Ulster Bank made an operating profit of £606 million (€752 million) in 2014. This compared with a loss in the previous year of £1.6 billion and was its first annual profit since the financial crash in 2008.
The bank had an impairment release of £365 million and reduced its operating expenses by £105 million.
The provision releases at Ulster Bank were the result of an improving Irish economy and property market, and “proactive debt management”.
Ulster Bank’s profit before impairment losses was £241 million, £76 million higher than in 2013.
On the outlook for this year, Ulster Bank chief executive Jim Brown told The Irish Times: "We expect the momentum that built up in 2014 to continue."
Mr Brown said the bank has had 23 months in a row where its mortgage arrears have improved. Some 9,500 arrears customers are now up to date with their payments. “It’s definitely trending in the right direction,” he added.
Mr Brown said Ulster Bank executed about 50 house repossessions last year via court orders. “We want to keep people in their homes but they need to be talking to us to enable us to do that,” he said.
Mortgage lending rose by 41 per cent last year for Ulster Bank across the island with the sum drawn down by customers in the Republic amounting to around €500 million.
Mr Brown said demand for mortgages is “still strong” in spite of tighter rules on deposits being introduced recently by the Central Bank of Ireland.
The Royal Bank of Scotland subsidiary said its net interest margin improved by 39 basis points in 2014 to 2.27 per cent.
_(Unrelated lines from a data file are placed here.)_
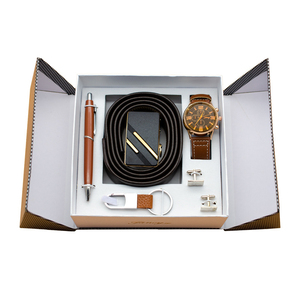 Coffret cadeau <span class=keywords><strong>d</strong></span>'affaires pratique, pour <span class=keywords><strong>les</strong></span> <span class=keywords><strong>partenaires</strong></span> commerciaux <span class=keywords><strong>d</strong></span>'un coffret cadeau haut de gamme Montre + Ceinture + Porte-clés + Boutons de manchette + Coffret cadeau stylo - Product Image 3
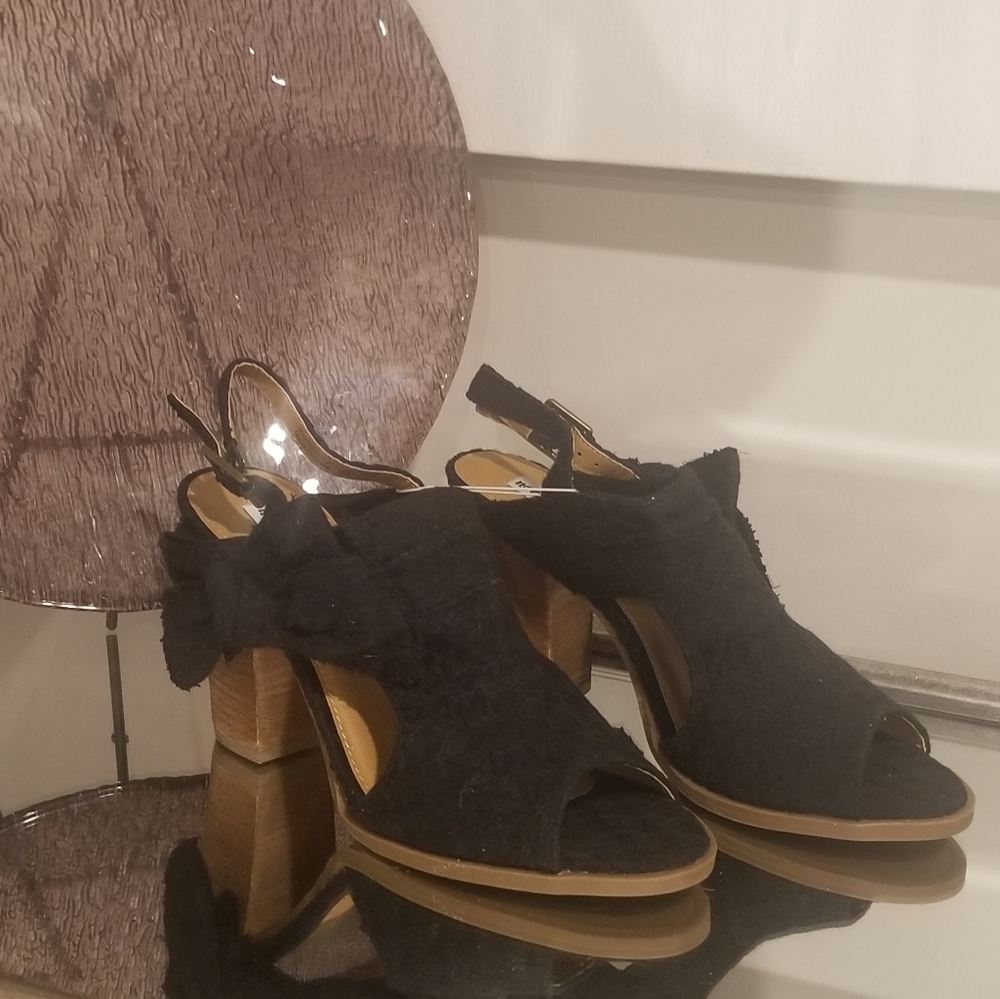 NOT RATED Peep Toe Bootie w/bow detail
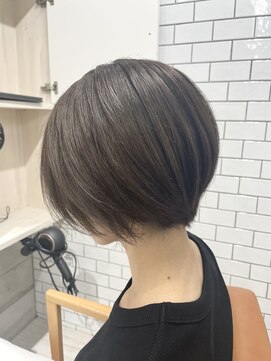 ハツ 橋本(HATSU) 【岩崎】アッシュベージュ×丸みボブ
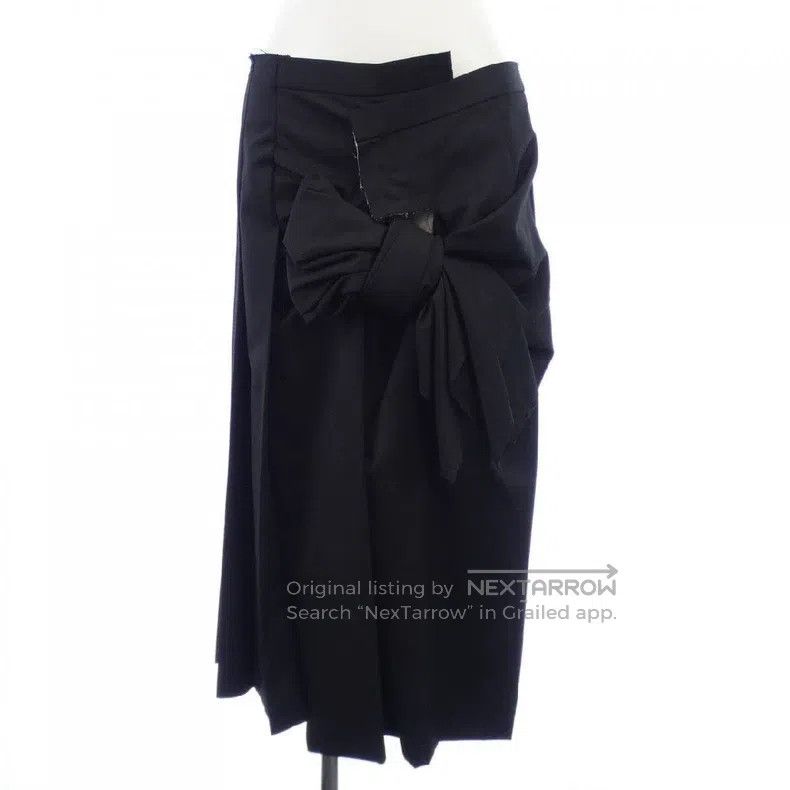 Comme des Garcons Comme Des Garcons size S Black vintage bow pleated design Size 25" / US 0 / IT 36 - 1 Thumbnail
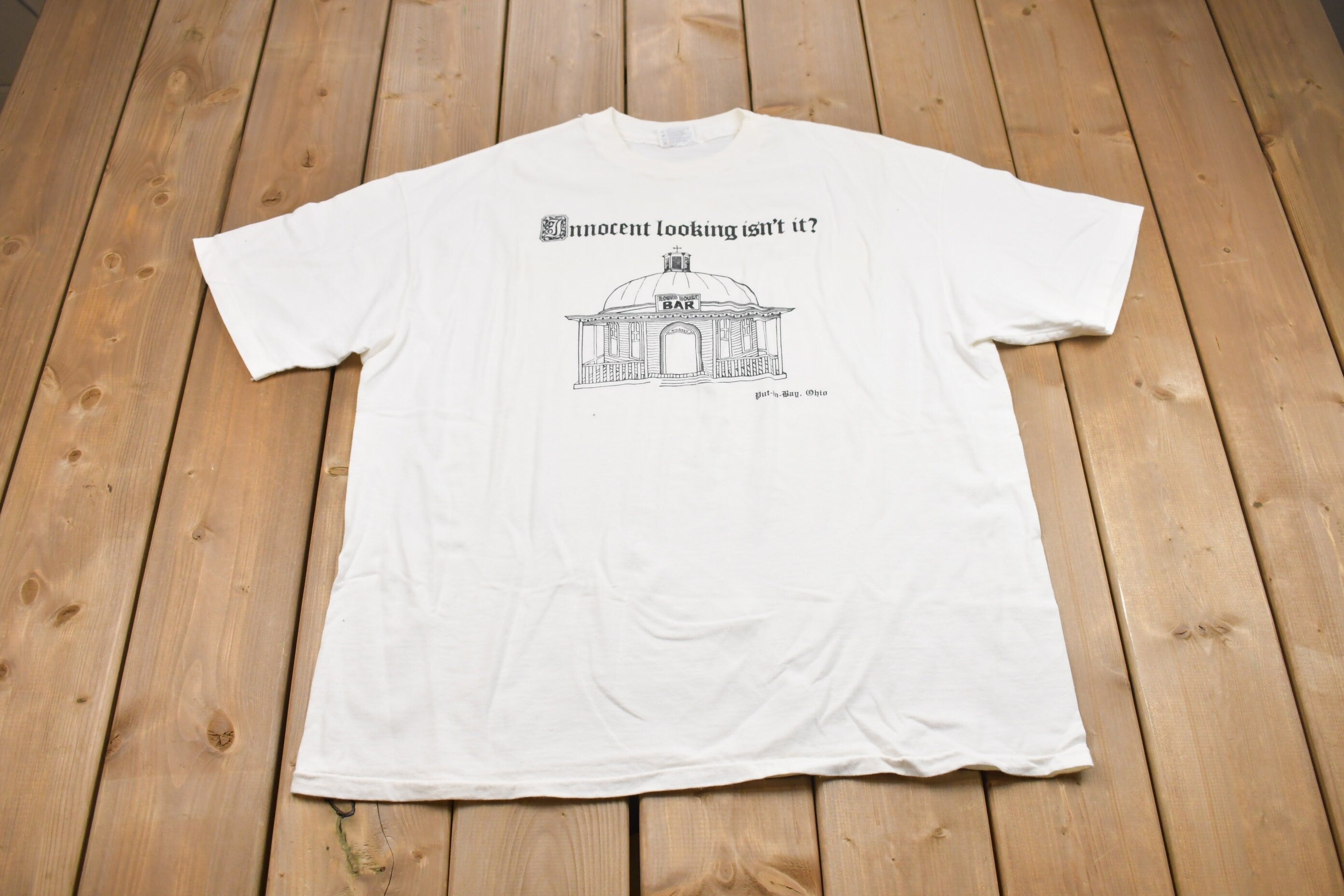 Vintage 1990s Round Bar Graphic T-Shirt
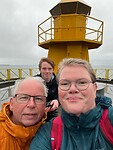Onderweg op het fietspad langs de zee.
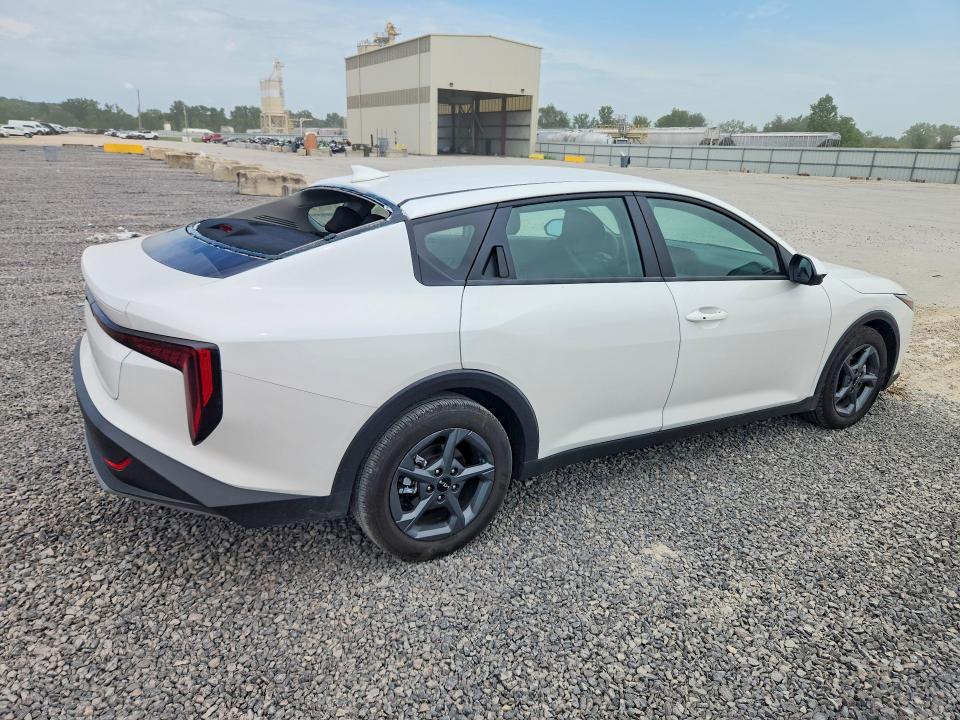 65394366 :رقم المزاد ، 3KPFT4DE6TE319865 vin ، 2026 Kia K4 مزاد بيع
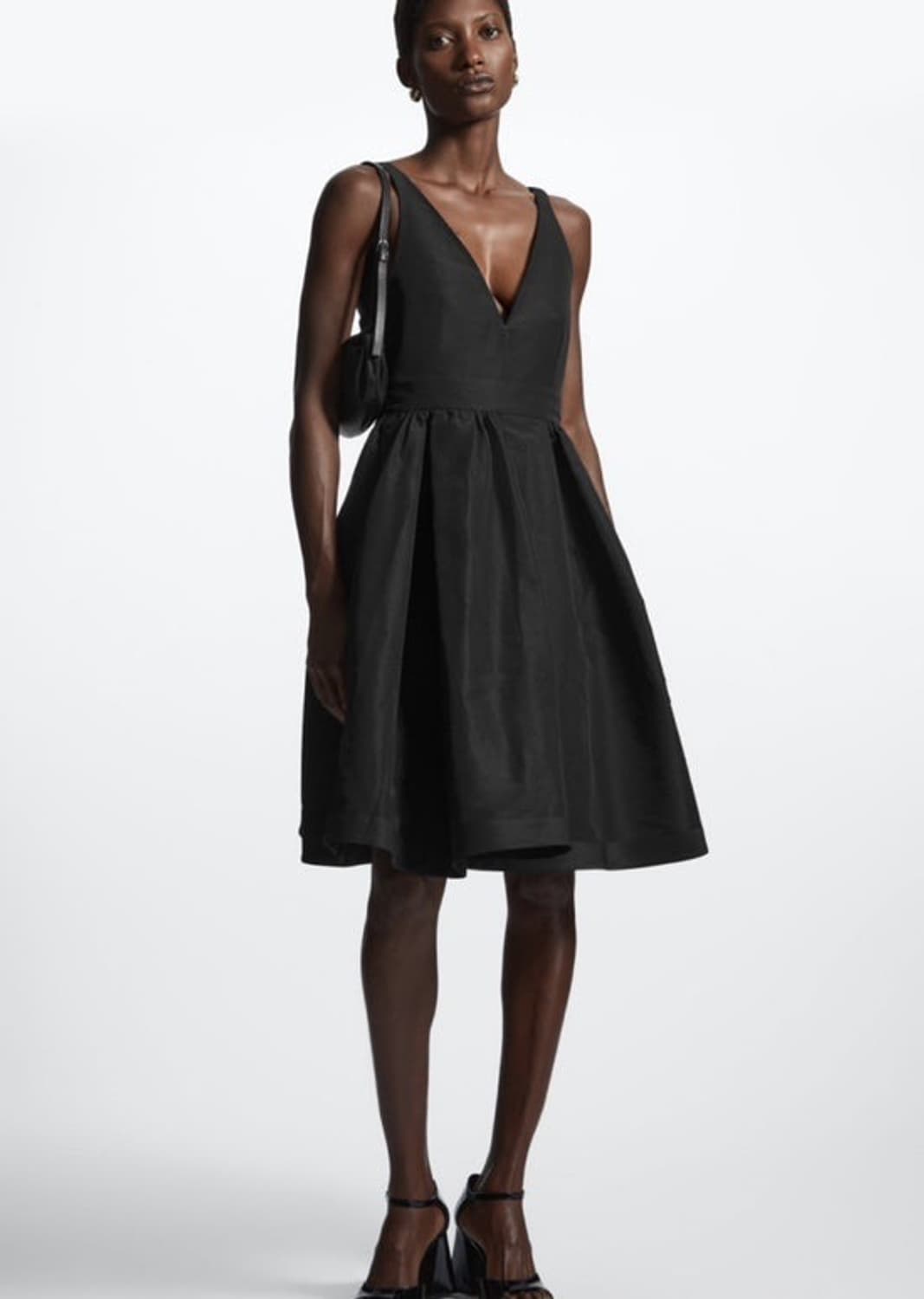 코스 딥 브이넥 원피스 블랙 상품이미지1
It closed the year with a cost-income ratio of 71 per cent, down 10 points.
Its total income declined to £830 million from £859 million in 2013 in spite of its return to the black. The bank said this was largely a result of the “non-recurrence of significant hedging gains on the mortgage portfolio in 2013”.
The bank’s total loans reduced to £24.7 billion at the end of December from £31.4 billion a year earlier.
The loan-to-deposit ratio decreased from 120 per cent to 107 per cent last year mainly due to a reduction in net loan balances to £22 billion. This reflected the transfer of assets to RCR (its bad loans workout vehicle) and continued customer deleveraging partly offset by growth in new lending.
Last year saw RBS commit itself to Ulster Bank in the Republic following a strategic review. It also transferred £4.4 billion of gross assets to RCR to allow Ulster Bank focus on its core business.
Mr Brown said the sale of Ulster Bank’s RCR loans would be “substantially” completed by the end of 2015 with a residual £1.5 billion to go.
RBS plans to integrate Ulster Bank operation in Northern Ireland with its businesses in Britain with its operation in the Republic operating as a separate unit.
Mr Brown said it was “too early to say” if the integration of the Northern Ireland business with RBS in Britain would have any implications for jobs there. “There may be some roles that could be impacted as a result of this,” he said.